Thus, after starting the process in October 2010, Oxus International was finally officially registered on February 14, 2011.
What does your company do?
The name of our company comes from the Oxus River, the ancient name for the Amu Darya that flows through the region. Farrell came up with it while doing some initial research. Alexander the Great, conquering his way across Asia, was first met with real trouble when he reached the Oxus. He couldn’t make sense of the region surrounding it, its people and its cultures, and was bogged down and defeated. Farrell considered it a metaphor for what we could potentially accomplish in Central Asia: how we could succeed in understanding the region where Alexander the Great had failed.
Others, it seemed, had the same idea. Before we even registered the company, we’d tell people the name and they’d nod and say, “Oh yeah, I’ve seen your office.”
“No you haven’t,” I’d respond. “It doesn’t exist yet.” They’d be referring to a well-known international microfinance company, or a gold company that once did work in western Kyrgyzstan, or a number of other financial and consulting companies with the word “Oxus” in their names. When I finally met someone working for the microfinance company, it was validating to hear that they were constantly mistaken for our company as well.
“People say, ‘Oh yeah, I know your company, it’s owned by two Americans and you do research stuff, right?’” he said, “It’s great to finally meet the people behind ‘the other Oxus.’”
It’s always difficult to try and explain the purpose of the company, whether to ministry officials or curious expats. It’s like playing a word game; I’m constantly auditioning new explanations to see which one is most easily understood, elicits the best reactions, or leaves the person believing it’s all an elaborate cover story for my real identity as a spy.
The short answer is that Oxus International is a research company. The bulk of our contracts relate to social research. (More times than I can count, I have said this and the person shakes their head and says, “You know, I just can’t keep up with things like Twitter.”) Mostly this means we conduct studies that involve designing and implementing surveys, questionnaires, focus groups and structured interviews, collecting all of the data, analyzing it and turning it into a fancy report filled with charts and graphs.

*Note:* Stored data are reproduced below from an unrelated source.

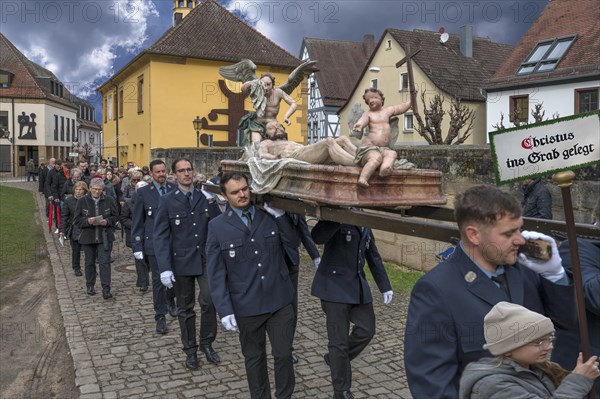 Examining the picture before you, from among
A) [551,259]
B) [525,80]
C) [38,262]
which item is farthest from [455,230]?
[525,80]

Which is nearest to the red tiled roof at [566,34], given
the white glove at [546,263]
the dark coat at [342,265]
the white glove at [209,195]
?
the white glove at [209,195]

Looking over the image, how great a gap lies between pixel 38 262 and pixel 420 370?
1140 cm

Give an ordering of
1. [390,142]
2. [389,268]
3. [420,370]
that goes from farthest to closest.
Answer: [389,268] → [390,142] → [420,370]

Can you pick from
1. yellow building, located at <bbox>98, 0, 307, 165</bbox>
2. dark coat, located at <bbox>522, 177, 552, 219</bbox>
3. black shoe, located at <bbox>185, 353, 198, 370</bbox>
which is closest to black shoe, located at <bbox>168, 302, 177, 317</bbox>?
black shoe, located at <bbox>185, 353, 198, 370</bbox>

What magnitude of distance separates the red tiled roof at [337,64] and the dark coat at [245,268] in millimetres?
36214

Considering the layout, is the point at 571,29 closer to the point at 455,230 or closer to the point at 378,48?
the point at 378,48

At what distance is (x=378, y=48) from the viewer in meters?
36.0

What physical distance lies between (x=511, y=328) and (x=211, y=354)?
14.7ft

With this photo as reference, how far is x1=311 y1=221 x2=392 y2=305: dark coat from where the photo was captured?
5141 millimetres

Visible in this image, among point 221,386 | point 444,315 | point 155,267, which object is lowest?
point 221,386

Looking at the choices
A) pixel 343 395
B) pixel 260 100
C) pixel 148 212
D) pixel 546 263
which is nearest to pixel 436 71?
pixel 148 212

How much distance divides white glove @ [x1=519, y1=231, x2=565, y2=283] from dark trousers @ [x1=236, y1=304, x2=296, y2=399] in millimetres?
2416

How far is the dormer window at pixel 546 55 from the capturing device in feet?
87.7

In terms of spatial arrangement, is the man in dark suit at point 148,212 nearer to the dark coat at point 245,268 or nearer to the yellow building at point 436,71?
the dark coat at point 245,268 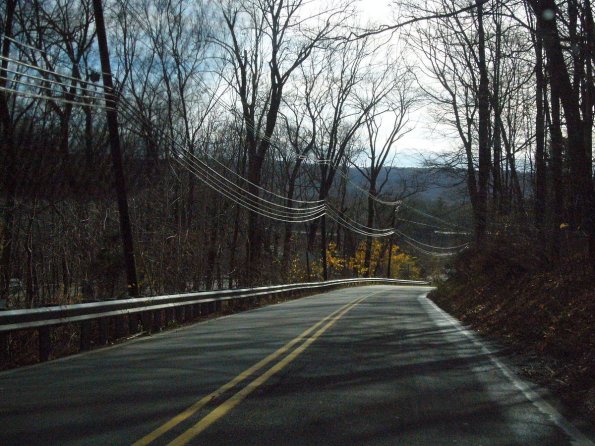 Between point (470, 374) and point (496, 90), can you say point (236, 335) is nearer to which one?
point (470, 374)

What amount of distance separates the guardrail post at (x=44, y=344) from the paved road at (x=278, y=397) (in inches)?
23.3

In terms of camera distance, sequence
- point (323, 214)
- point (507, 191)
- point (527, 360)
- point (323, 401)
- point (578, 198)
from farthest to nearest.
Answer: point (323, 214), point (507, 191), point (578, 198), point (527, 360), point (323, 401)

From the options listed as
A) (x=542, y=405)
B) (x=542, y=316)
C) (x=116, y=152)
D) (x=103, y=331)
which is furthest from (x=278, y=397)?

The projects we’ve completed have spanned several different topics, including youths’ perceptions on peace and reconciliation programs and how gold mines affect rural communities.
It took some time for the company to get to this point, and figuring out Oxus International’s purpose came about more from the work we were actually able to find and complete than from the original idea we had in mind.
Initially, with no professional experience in Kyrgyzstan and only a general idea of the kinds of projects we thought we could accomplish, we set out on a self-funded project intended to demonstrate what the company could theoretically do.
Our idea was to produce a document that would serve as a comprehensive guide to Kyrgyzstan’s media atmosphere. The most ambitious vision of it included focus groups, a test survey, and interviews with any journalists, journalism professors, and media experts that would agree to speak with us.
In February 2011 we took a flight to Osh, Kyrgyzstan’s second largest city, to interview people for a southern perspective on how the media was affected by several tumultuous events in 2010 (a popular uprising in April and ethnic riots in June).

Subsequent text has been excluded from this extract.